Face à cette situation, il serait exagérément pessimiste et même insultant à l’égard des enseignants et des responsables politiques de prétendre que la généralisation des équipements pourrait n’être qu’une bévue ne reposant sur aucun fondement éducatif rationnel. L’origine des TICE remonte à des pratiques pionnières dont la fécondité pédagogique a été démontrée, dans le contexte où elles se sont déroulées. Les observations de terrain récentes, notamment au niveau des académies, montrent qu’à côté de ces usages pionniers se développent des usages ordinaires qui, souvent, satisfont les enseignants qui les mettent en œuvre. Les questions que pose aujourd’hui la généralisation des équipements sont donc, d’une part, l’évaluation de la qualité des usages, d’autre part, celle de la généralisation des » bons usages « , c’est-à-dire des usages reconnus par leur acteurs ou par des observateurs extérieurs, comme pédagogiquement utiles et efficaces. Or, il faudrait être d’une singulière mauvaise foi pour exiger que cette phase de la généralisation se déroule sur le même rythme que celle de l’équipement.
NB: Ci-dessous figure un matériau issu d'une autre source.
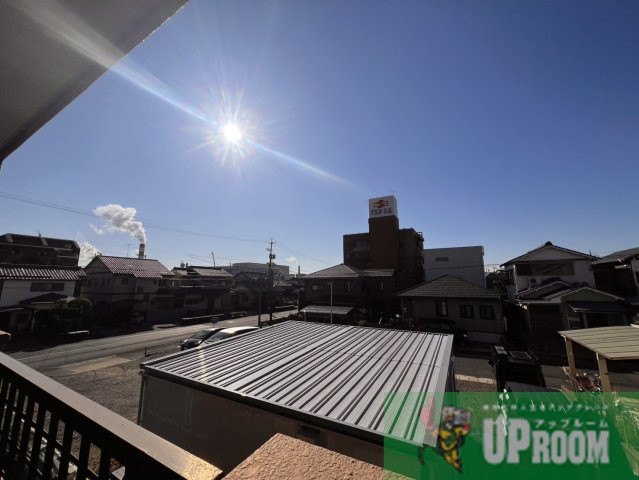 メゾンブランシュの展望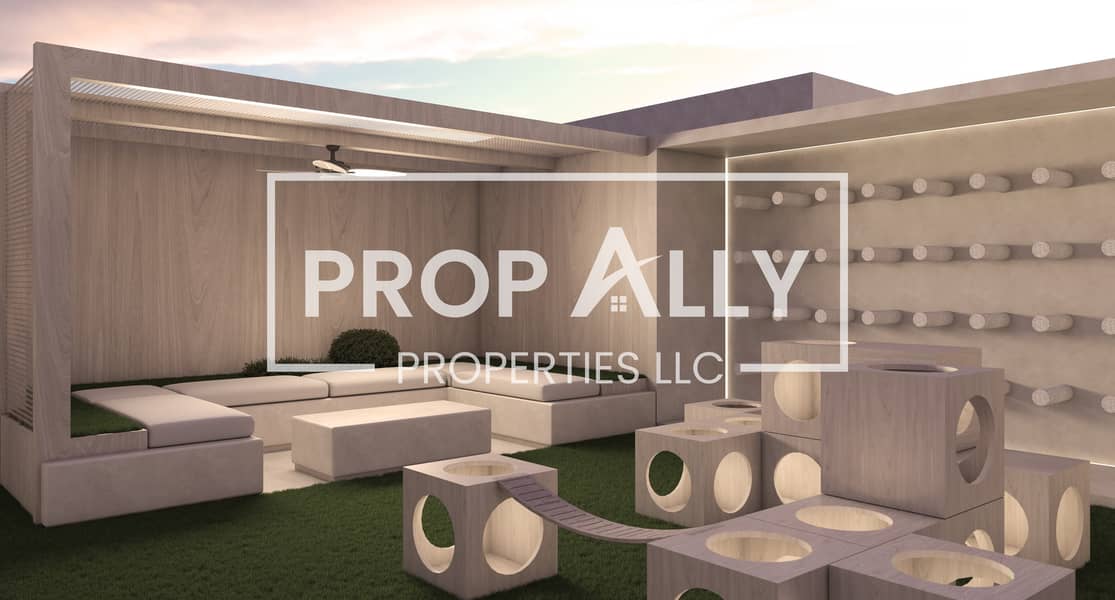 Jumeirah Village Circle | Concept 7| 2BR + Balcony + Powder Room - Image 20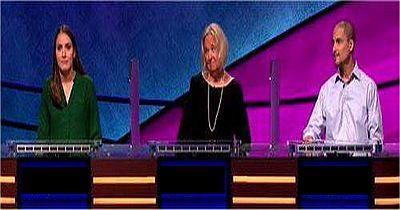 Jeopardy! — s2019e182 — 2020 Teachers Tournament Semifinal Game 2, Show # 8162.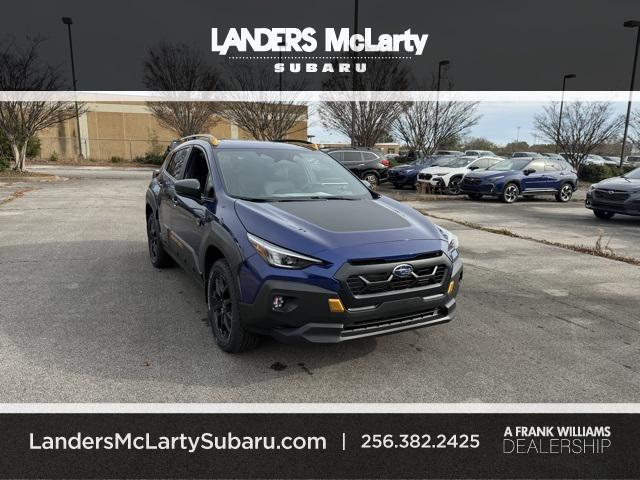 new 2026 Subaru Crosstrek car, priced at $38,499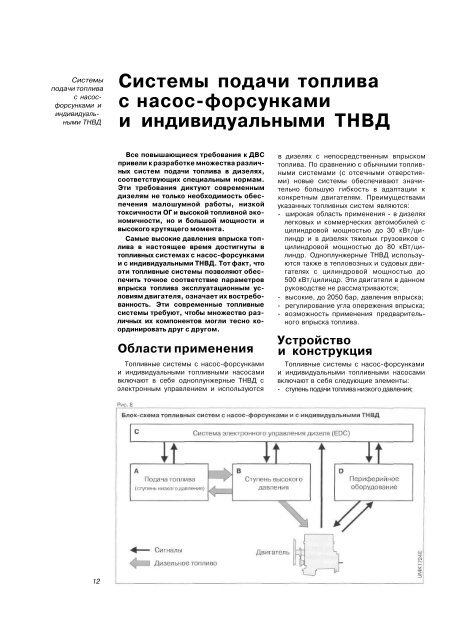 Контрольная работа по теме Системы непосредственного впрыска бензина и автомобильные генераторы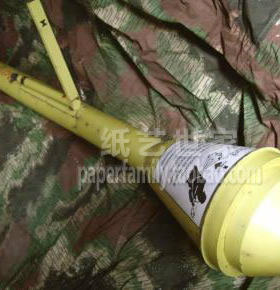 需自己二战德国武器纸模型铁拳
Nous avons quelques années devant nous pour relever ce défi et la seule question qui se pose est : comment allons-nous y parvenir ?
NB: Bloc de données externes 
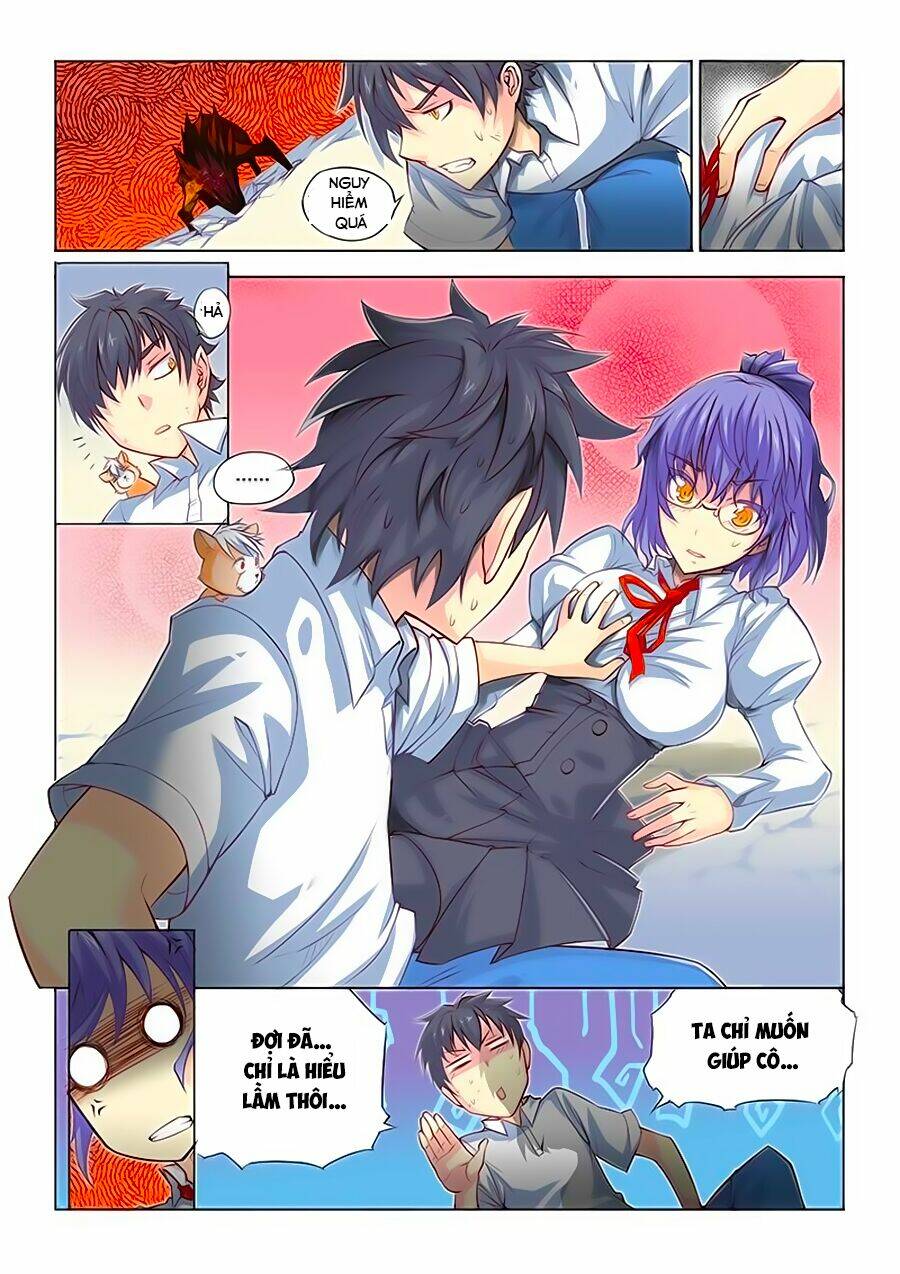 ma vương siêu cường chapter 10 5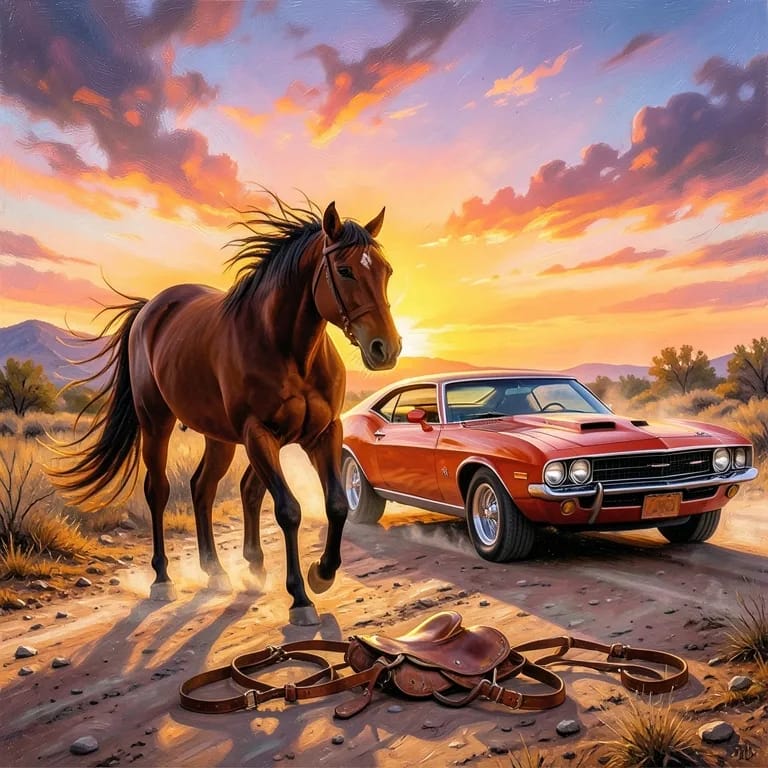 Chestnut GTO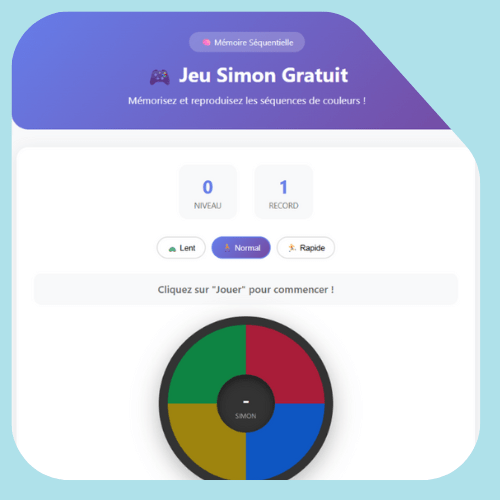 jeu simon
C’est une question difficile et il ne faut pas s’étonner qu’elle suscite des réponses multiples. Les autorités administratives penchent, et c’est normal, en faveur de la solution la plus technocratique, celle consistant à repérer les » bonnes pratiques « , celle des » bons enseignants « , et à les donner en exemple à tous. C’est la stratégie suivie depuis plusieurs années par les divers comités mis en place par le ministère pour faire avancer la noble cause de l’innovation. Belle solution sur le papier, cette façon de faire soulève malheureusement plusieurs difficultés pratiques. Celle du repérage d’abord car il faut une autorité pour trancher entre ce qui sera donné en exemple et ce qui ne le sera pas. Celle de l’efficacité ensuite : la constitution d’une base de données n’est pas une solution opératoire au délicat problème du transfert. Par ailleurs, la mise en vedette d’enseignants héroïques et labellisés provoque souvent l’indifférence et parfois, pire, l’agacement ou le découragement, chez les autres.
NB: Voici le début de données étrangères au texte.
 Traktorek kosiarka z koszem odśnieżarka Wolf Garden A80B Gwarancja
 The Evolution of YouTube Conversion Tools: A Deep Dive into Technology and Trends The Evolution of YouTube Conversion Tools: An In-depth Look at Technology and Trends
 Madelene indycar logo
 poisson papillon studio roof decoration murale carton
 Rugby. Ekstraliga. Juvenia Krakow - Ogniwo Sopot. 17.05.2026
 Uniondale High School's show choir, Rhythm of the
Face à la solution technocratique, il existe d’autre voies et c’est bien sûr vers celles-là que nous préférons nous tourner. Elles s’appuient sur les dynamiques locales plutôt que sur l’impulsion nationale ; sur tous (oui, tous !…) les enseignants plutôt que sur une poignée d’entre eux ; sur Internet parce que, justement, le réseau est accessible à tous et de partout, et qu’il est le meilleur instrument de lecture et de diffusion permettant de mutualiser les pratiques dans la continuité. Cette dynamique de généralisation par la base et par le réseau n’est pas incompatible avec celle que pilote l’État, par le haut et par l’exemple. L’une et l’autre peuvent cohabiter, c’est d’ailleurs dans cette situation que nous nous trouvons aujourd’hui. En revanche, il n’y a aucune raison pour que l’autorité institutionnelle qui contrôle totalement l’une, ignore absolument l’autre. Il y aurait même du danger à ce que cela perdure. Nous attendons du prochain ministre de l’Éducation nationale qu’il en ait conscience et soit un pilote avisé de la généralisation des usages des TICE.